Quando o PSB do Amapá rompeu com Lula, Cristina perdeu o cargo. Voltou para a Assembléia Legislativa. O presidente da Assembléia, Jorge Amanajás (PSDB), adversário de Cristina, recusou-se a lhe arrumar um lugar. Ela pegou suas coisas e foi para o setor de serviços gerais, tirou a vassoura de trás da porta e começou a trabalhar na limpeza.

Hoje está licenciada para fazer a campanha. "Tenho certeza de que vou crescer muito. Vou lutar para vencer o Sarney", diz . Cristina, no entanto, nunca disputou uma eleição.

Vai ser difícil para ela.
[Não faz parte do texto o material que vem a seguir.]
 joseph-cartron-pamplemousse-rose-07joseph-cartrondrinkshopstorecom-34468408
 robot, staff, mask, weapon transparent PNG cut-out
Não só pelos partidos que estão por trás do ex-presidente, caso raro de união entre os adversários PT e PSDB. Mas porque Sarney é uma espécie de entidade que reina absoluta no Amapá.

Ele nem vai lá fazer campanha. Manda que os outros digam que é candidato. Quando visita o Estado, sua chegada é notícia nos jornais.

Mas mesmo à distância, Sarney é o político mais presente no Estado.

Tudo lembra o ex-presidente. Quem conseguiu a verba para a transformação de um acanhado aeroporto em aeroporto internacional? Sarney. Quem incluiu Macapá e Santana na Zona Franca de Manaus? Sarney.

Quem lutou para levar a famosa Rede Sarah de Hospitais para o Amapá? Sarney, claro. Uma rede de postos de gasolina tem o nome de Presidente Sarney. Um restaurante no centro de Macapá também. É a homenagem em vida ao benfeitor.

Na quarta-feira ele encaminhou projeto ao Senado para criar a Universidade Federal do Oiapoque. Aliado do presidente Lula desde a campanha de 2002, ninguém duvida de que vai conseguir aprovar a nova faculdade.

"Eu me dou muito bem com o senador Sarney e também com o presidente Lula. Isso é muito importante para conseguir trazer verbas para o Estado e fazer obras como a do aeroporto, da Zona Franca, do Sarah, da BR-156, que liga Macapá a Oiapoque, na fronteira com a Guiana Francesa, e da ponte sobre o Rio Jari, para nos ligar ao Pará", atesta o governador Valdez Goes (PDT), candidato à reeleição. Ele tem o apoio irrestrito de Sarney para tentar um novo mandato contra o forte adversário João Capiberibe, do PSB.

O Amapá existe como território desde 1945, quando deixou de pertencer ao Estado do Pará. Transformado pela Constituição de 1988 em Estado, a partir de 1990 elegeu Sarney seu primeiro senador com mandato de oito anos. Desde então, Amapá e Sarney caminham juntos.